An urgent choice
I was brought up in Italy, where the standard belief is Roman Catholicism, but I never really believed Catholicism had God’s authority behind it.
Somehow I resented my conscience’s demands for a better standard of behaviour, but that was the extent of my beliefs. I believed in the existence of a Creator as a stern, moralistic figure, remote and irrelevant, but not present in the church.
After school, I embarked on a very long gap year, which was to last some 36 months: one year in the UK to learn the language; a year in Paris; and a year in Germany would round off my education, since I found languages quite easy and liked to travel.
Vague yearnings
I determined to read a lot while in Paris, to satisfy some vague yearnings for a better knowledge of myself and the world around me. So I enrolled in a part-time language school and got myself a cheap flat-share.
One of my flatmates was a Christian and he helped me understand some basic facts: the Bible is God’s revelation to mankind; personal sin is an ugly problem that cannot be ignored; and we need meaning in our lives — something which the existentialist philosophers of the day had explored.
He gave me a key to understand those writers, representing as they did the pinnacle of man’s search for knowledge. When it comes to the question ‘What is the meaning of life?’, I saw that their search was not rewarded with much!
At the same time, he tried to persuade me to read the Bible as God’s Word. I expected it to rail at my behaviour and attitudes, so I took my time before starting. I eventually decided to start half-way through it, to get to the end more quickly, and so started reading Solomon’s Proverbs.

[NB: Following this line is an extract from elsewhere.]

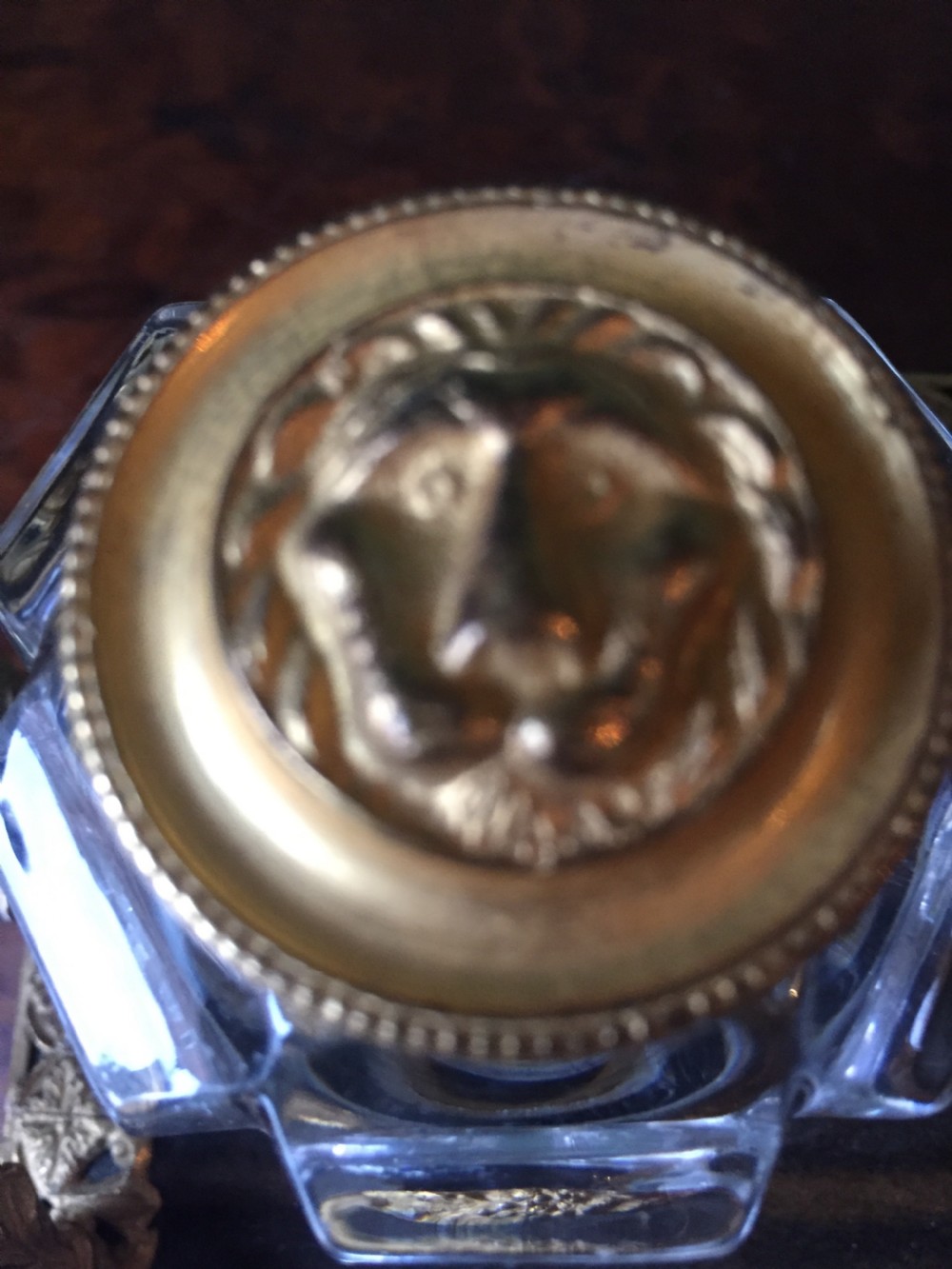 An early nineteenth-century French Empire style ormolu inkstand featuring two cut-crystal inkwells, a central holder, foliate handles, and a decorative gilt bronze tray. View V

Within a few days, I was amazed to discover that a book written many centuries ago spoke clearly and with knowledge of me, a 20-year-old in the twentieth century. This convinced me that the mind behind it had a good grasp of human nature and was my Creator. So I read on.
Big questions
I slowly came to see that God was on my side, opening my eyes to see my condition as a sinner and all he had done about it. Big questions came to my mind, like, ‘How can an all-knowing, all-loving God give me commandments he knows I cannot and do not want to keep?’
I was relieved when I understood that ‘try harder-do better’ was not the way to get closer to him. I gradually understood from the Bible that the uncompromising commandments were there to show that obedience does not work (it just cannot be done!).
Only Jesus, the Saviour of sinners, can dispense forgiveness on the basis of his own merits. There is nothing we, by our own efforts, can do to secure forgiveness.
I clearly remember deciding to start my third gap year by going to Germany where the challenge of learning German from scratch would be absorbing enough to make me put aside everything else.
But, as I got ready to leave Paris and head towards Germany, I felt a very clear choice had to be made: either I must leave my sins behind and cast myself upon God, or else I must ignore the information I had so far acquired and walk away from him.
Easy trade-off
When I put it to myself in this way it was an offer weighted in my favour. I repented of my sins and cast myself on God’s mercy for real.
After this, the Bible started to make even more sense to me as I was now a Christian, and I discovered more and more fully the extent of God’s love, wisdom, challenge and perspective.
That was the first Sunday in 1978. Looking back over 34 years, I can see how God has guided, shaped and cherished me all along, and I can certainly say, ‘Taste and see the Lord is good’.